All lines from the one that contains "CHILLI RED SAREE" to the end of the data must be retyped exactly. Pictures are not retyped.

-------- Records for this task

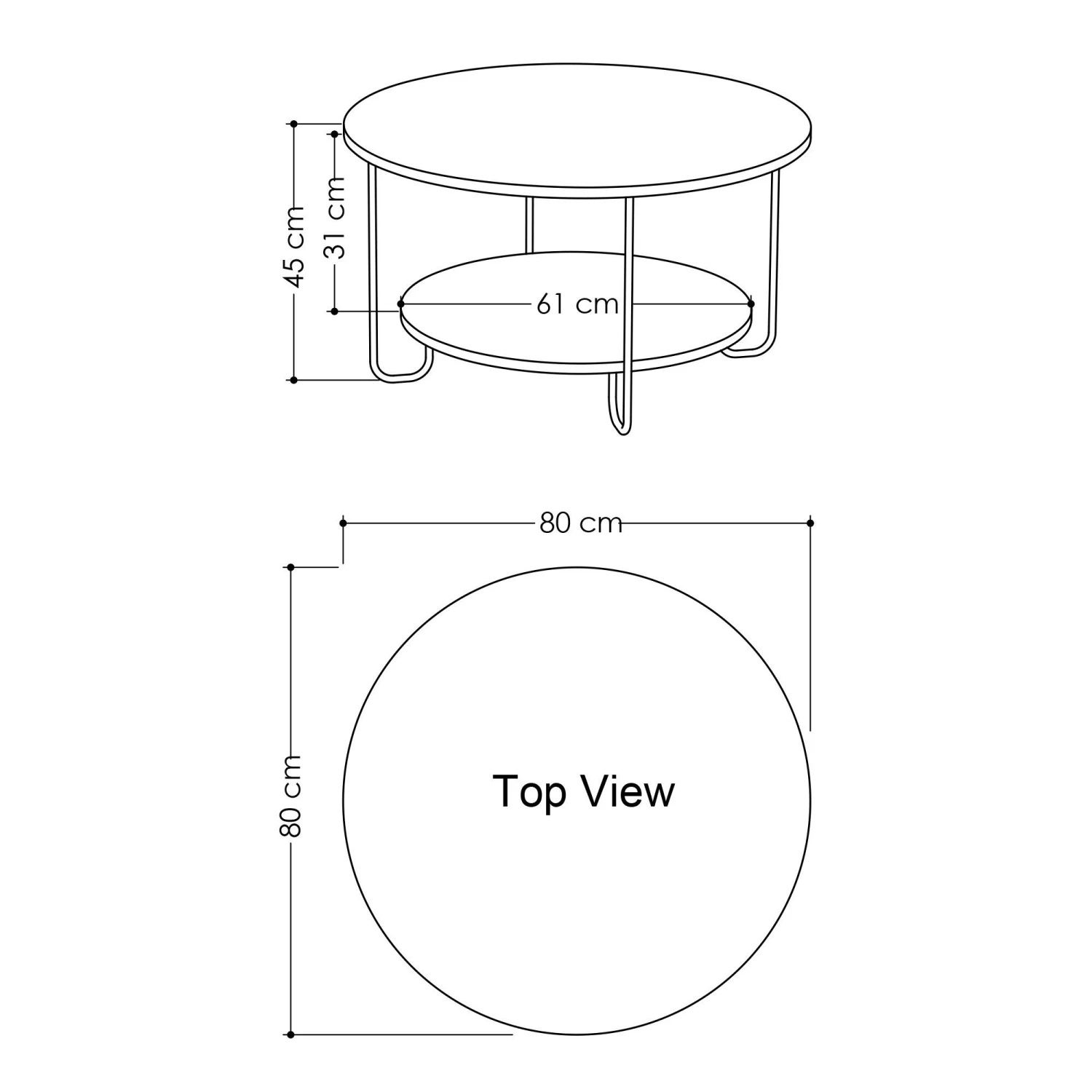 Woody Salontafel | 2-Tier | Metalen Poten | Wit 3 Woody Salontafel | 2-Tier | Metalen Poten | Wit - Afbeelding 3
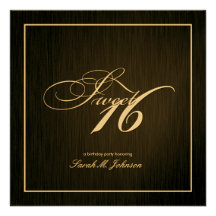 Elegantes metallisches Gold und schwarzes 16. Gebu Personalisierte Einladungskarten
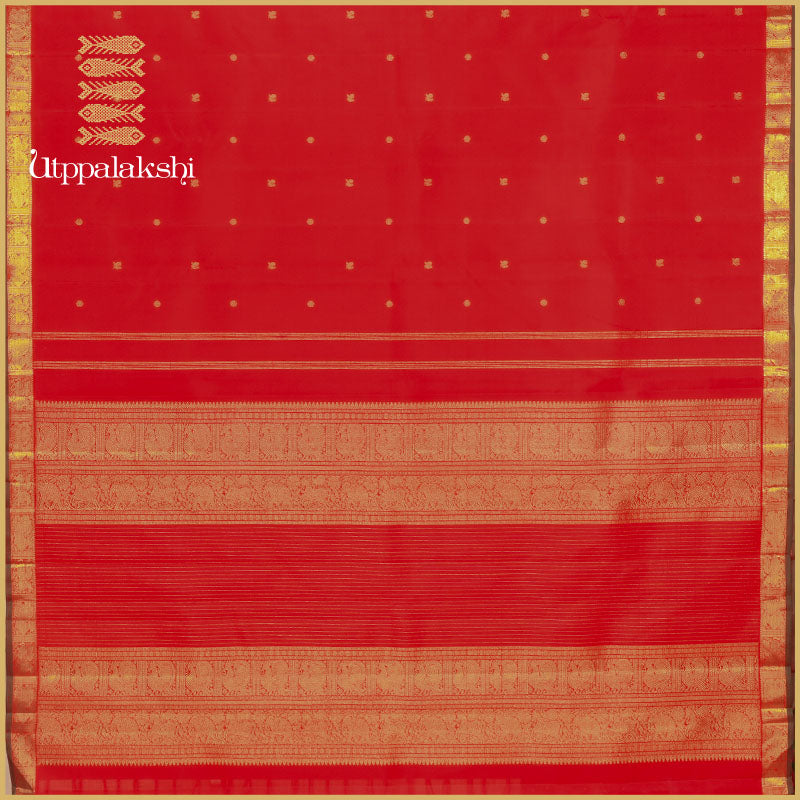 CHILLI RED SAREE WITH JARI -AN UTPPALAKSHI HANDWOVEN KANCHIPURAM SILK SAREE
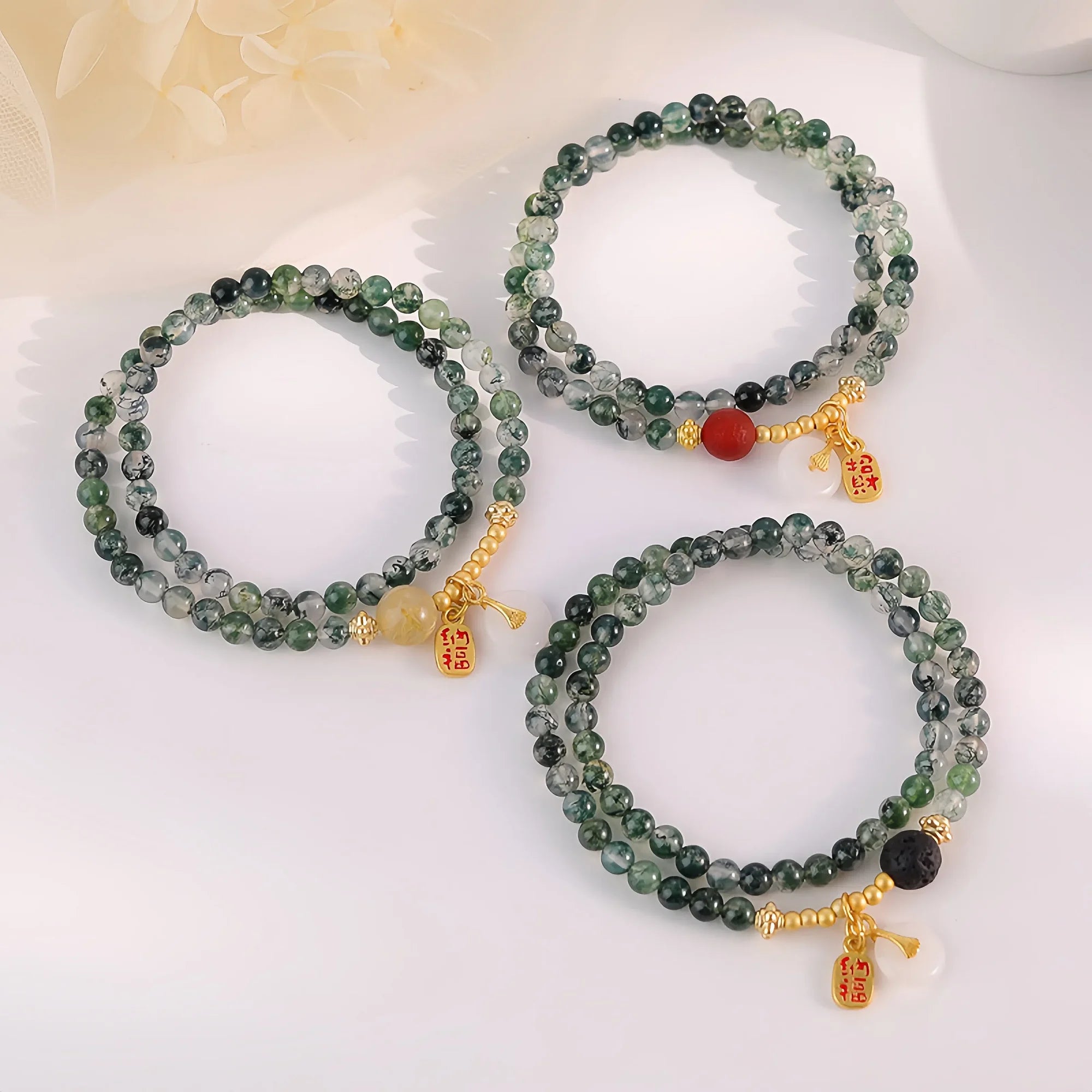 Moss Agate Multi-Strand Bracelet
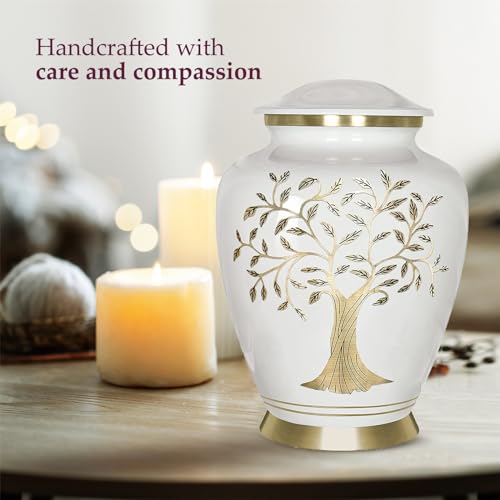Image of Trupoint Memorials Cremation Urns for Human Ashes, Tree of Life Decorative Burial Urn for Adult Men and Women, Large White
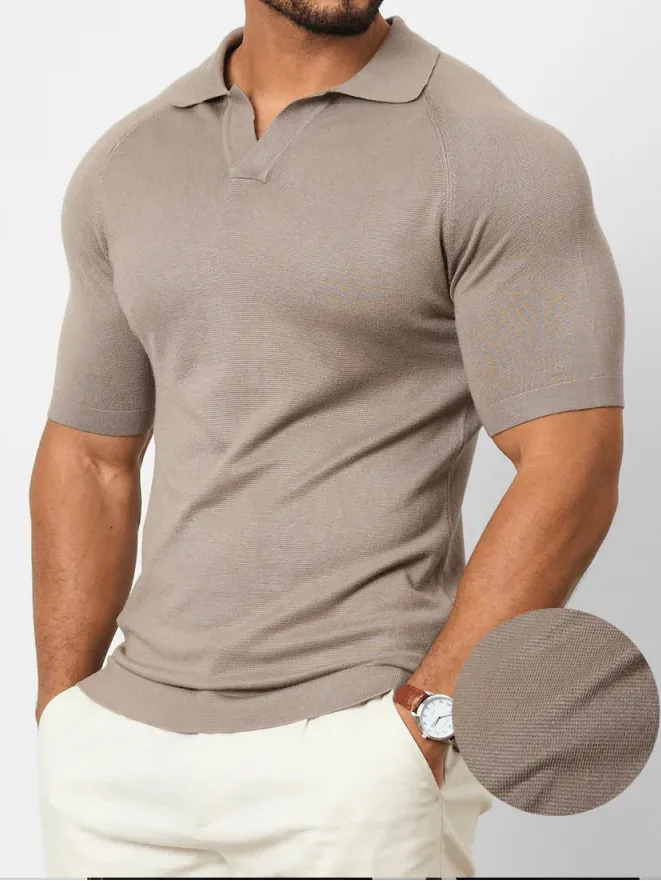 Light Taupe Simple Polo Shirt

----------------

» Output of the exercise
 CHILLI RED SAREE WITH JARI -AN UTPPALAKSHI HANDWOVEN KANCHIPURAM SILK SAREE
 Moss Agate Multi-Strand Bracelet
Image of Trupoint Memorials Cremation Urns for Human Ashes, Tree of Life Decorative Burial Urn for Adult Men and Women, Large White
 Light Taupe Simple Polo Shirt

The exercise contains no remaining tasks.